== Segment start ==

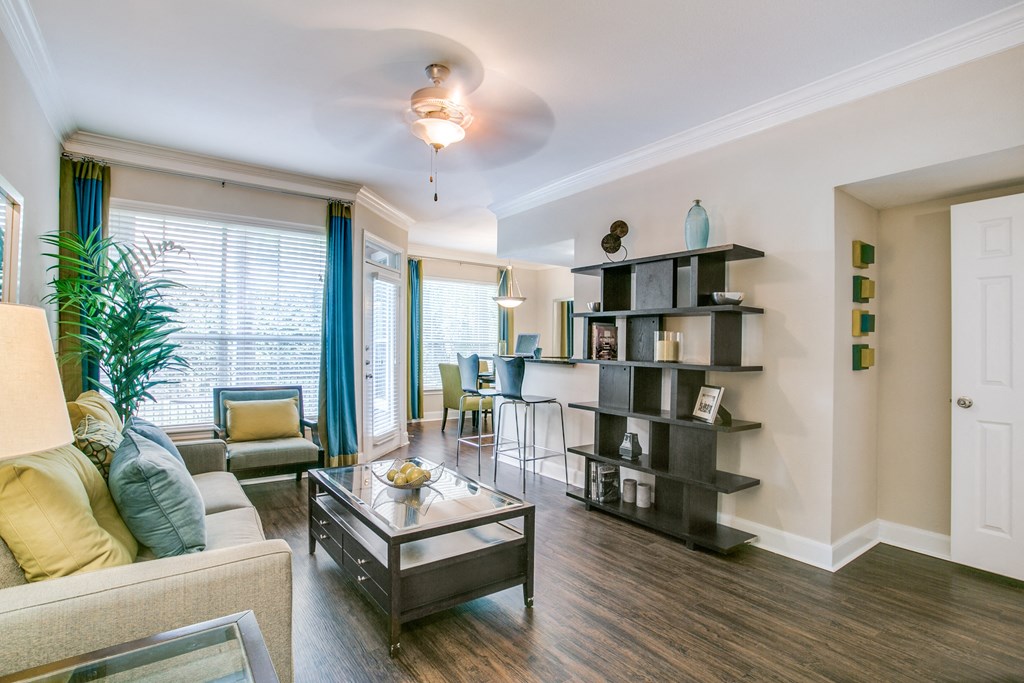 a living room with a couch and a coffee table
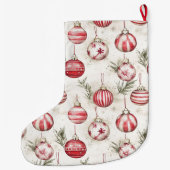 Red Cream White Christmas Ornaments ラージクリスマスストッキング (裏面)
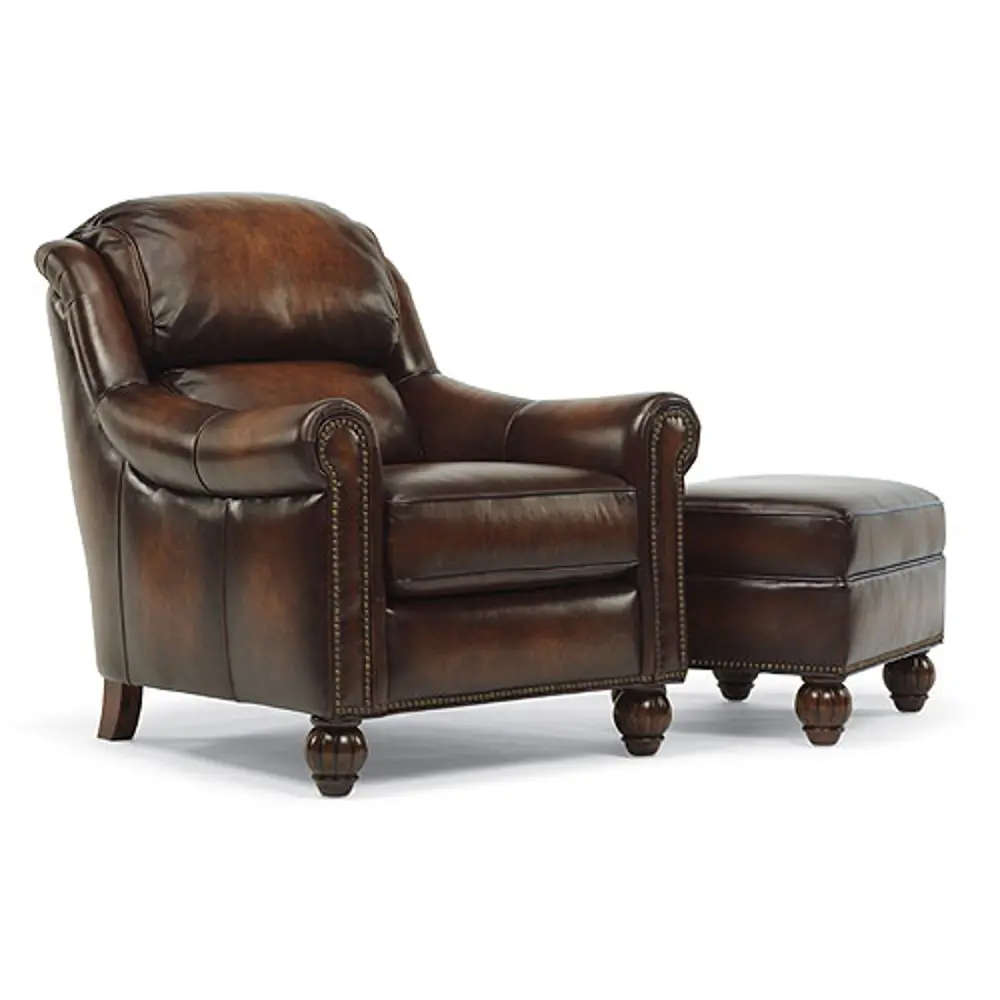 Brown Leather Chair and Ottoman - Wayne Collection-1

== Segment end ==
== Segment start ==

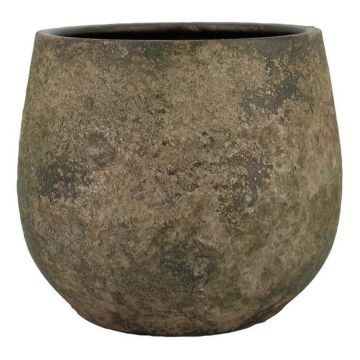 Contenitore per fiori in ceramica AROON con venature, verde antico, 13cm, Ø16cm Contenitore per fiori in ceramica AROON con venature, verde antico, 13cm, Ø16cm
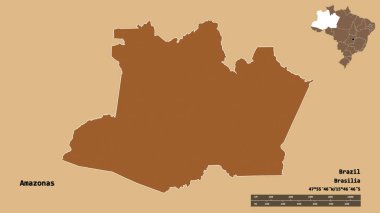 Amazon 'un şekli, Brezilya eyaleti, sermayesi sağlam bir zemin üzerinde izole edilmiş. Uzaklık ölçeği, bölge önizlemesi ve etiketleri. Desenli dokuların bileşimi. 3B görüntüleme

== Segment end ==

» EXERCISE PROMPT
Starting at the line containing "a living room" and finishing at the line containing "Brown Leather Chair", return those lines exactly as they appear above, without the pictures.

» REPLY
 a living room with a couch and a coffee table
 Red Cream White Christmas Ornaments ラージクリスマスストッキング (裏面)
 Brown Leather Chair and Ottoman - Wayne Collection-1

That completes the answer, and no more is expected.